Serotonin Syndrome or Neuroleptic Malignant Syndrome (NMS)-like Reactions
The development of a potentially life-threatening serotonin syndrome or Neuroleptic Malignant Syndrome (NMS)-like reactions have been reported with SNRIs and SSRIs alone, including citalopram treatment, but particularly with concomitant use of serotonergic drugs (including triptans) with drugs which impair metabolism of serotonin (including MAOIs), or with antipsychotics or other dopamine antagonists. Serotonin syndrome symptoms may include mental status changes (e.g., agitation, hallucinations, coma), autonomic instability (e.g., tachycardia, labile blood pressure, hyperthermia), neuromuscular aberrations (e.g., hyperreflexia, incoordination) and/or gastrointestinal symptoms (e.g., nausea,vomiting, diarrhea). Serotonin syndrome, in its most severe form can resemble neuroleptic malignant syndrome, which includes hyperthermia, muscle rigidity, autonomic instability with possible rapid fluctuation of vital signs, and mental status changes. Patients should be monitored for the emergence of serotonin syndrome or NMS-like signs and symptoms.
The concomitant use of citalopram with MAOIs intended to treat depression is contraindicated.If concomitant treatment of citalopram with a 5-hydroxytryptamine receptor agonist (triptan) is clinically warranted, careful observation of the patient is advised, particularly during treatment initiation and dose increases.
The concomitant use of citalopram with serotonin precursors (such as tryptophan) is not recommended.Treatment with citalopram and any concomitant serotonergic or antidopaminergic agents, including antipsychotics, should be discontinued immediately if the above events occur and supportive symptomatic treatment should be initiated.
Discontinuation of Treatment with Citalopram
During marketing of citalopram and other SSRIs and SNRIs (Serotonin and Norepinephrine Reuptake Inhibitors), there have been spontaneous reports of adverse events occurring upon discontinuation of these drugs, particularly when abrupt, including the following: dysphoric mood, irritability, agitation, dizziness, sensory disturbances (e.g., paresthesias such as electric shock sensations), anxiety, confusion, headache, lethargy, emotional lability, insomnia, and hypomania.

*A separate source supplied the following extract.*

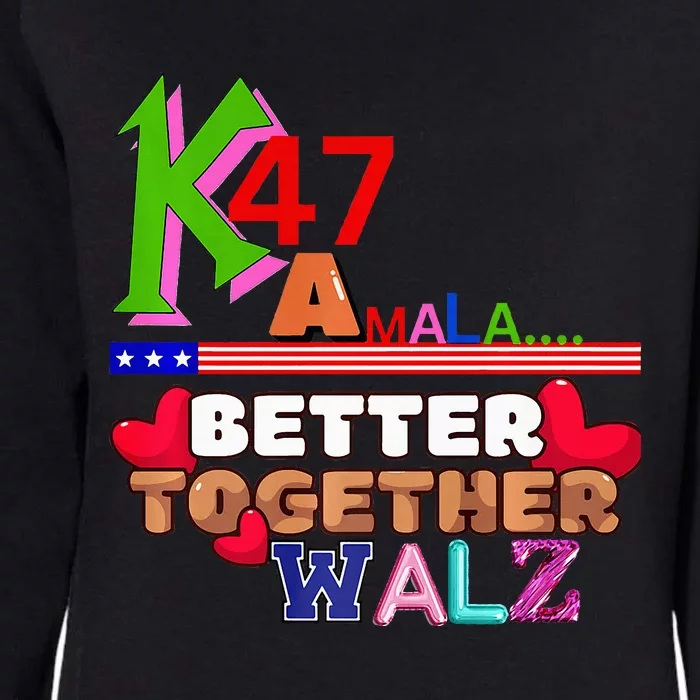 Better Together Kamala Walz Presidential Political Statement Womens California Wash Sweatshirt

While these events are generally self limiting, there have been reports of serious discontinuation symptoms.
Patients should be monitored for these symptoms when discontinuing treatment with citalopram. A gradual reduction in the dose rather than abrupt cessation is recommended whenever possible. If intolerable symptoms occur following a decrease in the dose or upon discontinuation of treatment, then resuming the previously prescribed dose may be considered. Subsequently, the physician may continue decreasing the dose but at a more gradual rate (see DOSAGE AND ADMINISTRATION).
SSRIs and SNRIs, including citalopram, may increase the risk of bleeding events. Concomitant use of aspirin, non-steroidal anti-inflammatory drugs, warfarin, and other anticoagulants may add to the risk. Case reports and epidemiological studies (case control and cohort design) have demonstrated an association between use of drugs that interfere with serotonin reuptake and the occurrence of gastrointestinal bleeding. Bleeding events related to SSRIs and SNRIs use have ranged from ecchymoses, hematomas, epistaxis, and petechiae to life threatening hemorrhages.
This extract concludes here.